The National Curriculum requires that children are taught key skills and processes that are essential for writing. At St John’s we want our children to be successful at each stage of the writing process:
· Drafting and writing
· Evaluating and Editing
· Proof reading
· Reading aloud to others
As part of this process, children are given opportunities to write for real purposes and audiences. Our pupils have opportunities to apply and showcase their writing skills across the curriculum.
National Curriculum Purpose of study
English has a pre-eminent place in education and in society. A high-quality education in English will teach pupils to speak and write fluently so that they can communicate their ideas and emotions to others and through their reading and listening, others can communicate with them. Through reading in particular, pupils have a chance to develop culturally, emotionally, intellectually, socially and spiritually.
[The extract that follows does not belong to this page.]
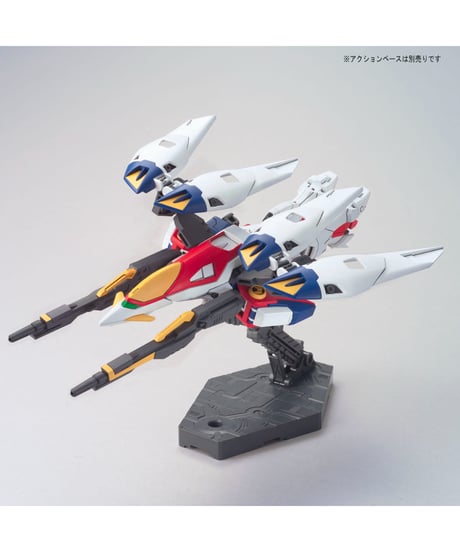 【送料無料】HGAC 1/144 ウイングガンダムゼロ　新機動戦記ガンダムW　プラモデル　［バンダイ］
Literature, especially, plays a key role in such development. Reading also enables pupils both to acquire knowledge and to build on what they already know. All the skills of language are essential to participating fully as a member of society; pupils, therefore, who do not learn to speak, read and write fluently and confidently are effectively disenfranchised
National Curriculum Aims
The programmes of study for writing at key stages 1 and 2 are constructed similarly to those for reading:
- transcription (spelling and handwriting)
- composition (articulating ideas and structuring them in speech and writing).
It is essential that teaching develops pupils’ competence in these two dimensions. In addition, pupils should be taught how to plan, revise and evaluate their writing. These aspects of writing have been incorporated into the programmes of study for composition. Writing down ideas fluently depends on effective transcription: that is, on spelling quickly and accurately through knowing the relationship between sounds and letters (phonics) and understanding the morphology (word structure) and orthography (spelling structure) of words. Effective composition involves forming, articulating and communicating ideas, and then organising them coherently for a reader. This requires clarity, awareness of the audience, purpose and context, and an increasingly wide knowledge of vocabulary and grammar. Writing also depends on fluent, legible and, eventually, speedy handwriting.